And here’s where it all ties in with the chronosequence. Soil properties deeply influence the mobility of contaminants like heavy metals. In a study in Journal of Environmental Quality, Rechberger served as first author, examining how the different soils along the chronosequence retained cadmium. The group discovered that cadmium sorption decreased with increasing soil age and higher levels of rainfall. As soil sorption decreases, cadmium is more likely to move into waterways, which increases its likelihood of ending up in the sensitive food chain of the islands.

The study offers insights for guiding fertilizer recommendations on the islands. The older the soil (or the higher the elevation and rainfall), the more likely any heavy metals in fertilizer will end up in the environment. And with the impacts of climate change on the island, over a long time, the younger soils will weather as temperature and rainfall increase.

“We’ve already started writing a proposal about how the biogeochemistry of phosphorus changes along the chronosequence, as well,” Rechberger says. Agriculture on an island is never too far away from the water, and the team is worried that any fertilizer runoff could negatively impact fresh and saltwater ecosystems alike.

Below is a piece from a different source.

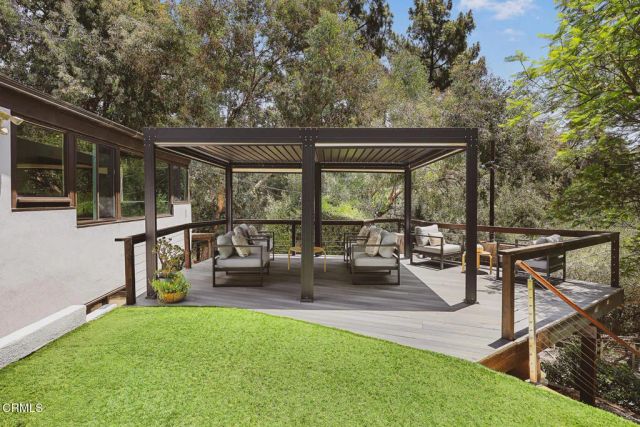 4528 El Camino Corto, La Canada Flintridge, CA 91011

Though the team has already discovered so much about soil formation from the “outdoor laboratory” of the Galápagos, there’s much they still would like to do. With their amassed soil samples, Zehetner estimates they have enough for another 10 dissertations. And their work is laying the foundation for a better understanding of how human interactions with the natural world—and with the factors we can’t control or observe in real time, like soil formation—impact delicate ecosystems.